Te cuento mi batalla personal. Durante años, me iba a la cama con un vaso lleno de agua en la mesilla. Pensaba que era lo más sano. Hasta que empecé a notar que, como un reloj, me despertaba entre las 3 y las 4 de la madrugada con unas ganas irrefrenables de ir al baño. Volvía a la cama y me costaba una eternidad volver a conciliar el sueño. Al día siguiente, estaba hecho polvo.
Un día, hablando con un vecino que es médico, me soltó algo que no se me olvida: «De noche, el cuerpo libera más vasopresina, una hormona que, entre otras cosas, le dice a los riñones que reduzcan la producción de orina para que podamos dormir del tirón». Cuando te tomas un buen vaso de agua justo antes de apagar la luz, estás saboteando ese plan natural. Le estás dando a tu vejiga un trabajo extra que no le toca, y ella te lo hace pagar con un despertador de lo más incómodo.
Lo bueno (si sabes cómo) y lo malo (que te fastidia la noche)
No todo es blanco o negro. A veces, sobre todo en verano o si he cenado algo salado, me voy a la cama con la boca seca. Tomar un sorbo, solo uno, me calma y me ayuda a dormir. He leído que una ligera deshidratación puede provocar calambres nocturnos o que te despiertes con la garganta hecha un polvorín, y eso también arruina el descanso. El truco está en la dosis. Un trago es un aliado; un vaso entero, un enemigo.

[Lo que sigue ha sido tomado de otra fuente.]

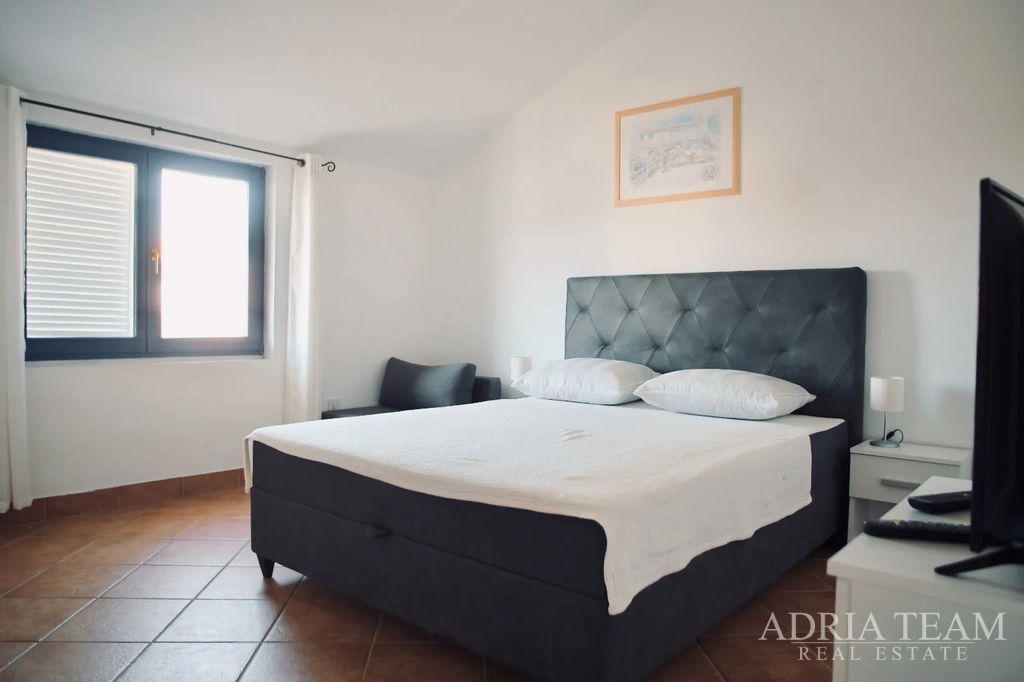 RENOVATED HOUSE WITH SEA VIEW AND 4 APARTMENTS - VIR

El mayor riesgo no es la sed, sino la «nicturia» (un nombre finolis para «levantarse a mear por la noche»). Cada vez que te despiertas para eso, rompes tu ciclo de sueño profundo. Al día siguiente, aunque hayas dormido tus 8 horas, tu cerebro no ha descansado de verdad. Te sientes aturdido, de mal humor y con la cabeza como un bombo. Varios sitios serios coinciden en que esta es la principal consecuencia negativa.
Mi regla de oro (y lo que le digo a mi familia)

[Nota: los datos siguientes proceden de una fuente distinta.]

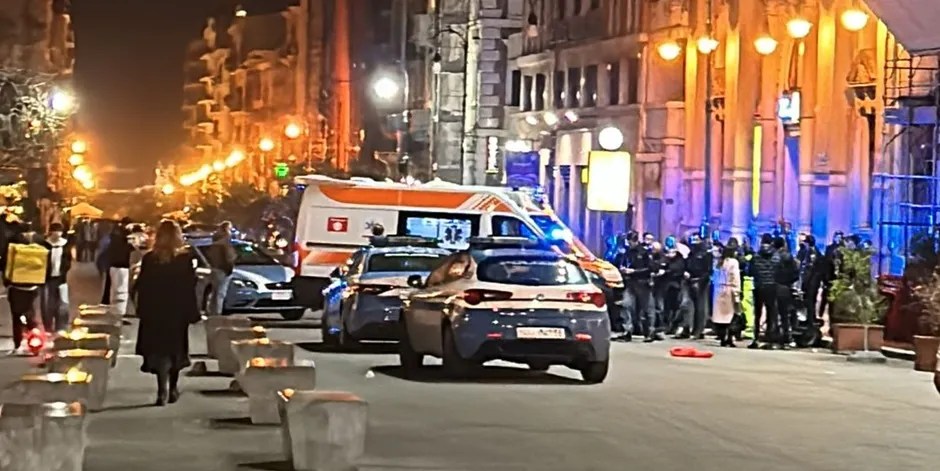 Giungla Palermo, nuova furibonda rissa: volano bidoni in via Amari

Después de mucho probar y equivocarme, he establecido mi propia ley. Dejo de tomar líquidos, de cualquier tipo, como mínimo una hora y media antes de irme a la cama. Si tengo mucha sed, me limito a unos pocos sorbos, solo para humedecer la boca. El trabajo de hidratarse hay que hacerlo durante el día. Si a las 8 de la noche te das cuenta de que casi no has bebido agua y te tomas medio litro de un tirón, estás firmando tu sentencia de desvelo.

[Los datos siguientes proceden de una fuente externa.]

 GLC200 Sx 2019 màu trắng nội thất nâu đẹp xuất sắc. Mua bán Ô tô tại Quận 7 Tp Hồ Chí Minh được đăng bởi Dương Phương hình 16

También vigilo lo que tomo por la noche. Una cerveza o una copa de vino, además de alcohol, son diuréticos. Te harán eliminar más líquido del que bebes, y es casi seguro que te jugarán una mala pasada a las pocas horas. Lo mismo con el café después de cenar.
Al final, escucha a tu cuerpo (pero con criterio)
He aprendido que no hay una respuesta universal. A mi hermano le va bien tomarse un vaso pequeño antes de dormir y no se despierta en toda la noche. Yo soy de vejiga sensible, y a la mínima me pasa factura. Lo que sí es universal es que un sueño fraccionado es peor que llegar a la cama con un poquito de sed.
Si tuviera que quedarme con un consejo, es este: hidrátate bien a lo largo del día. Llena esa botella de agua y dále sorbos constantes. Así, cuando llegue la noche, tu cuerpo tendrá los recursos que necesita y no tendrás que darle un «chapuzón» de última hora que te arruine el descanso. Tu vejiga y tu cerebro te lo agradecerán. A mí me ha cambiado las mañanas. Ahora me despierto descansado, no con la urgencia de correr al baño.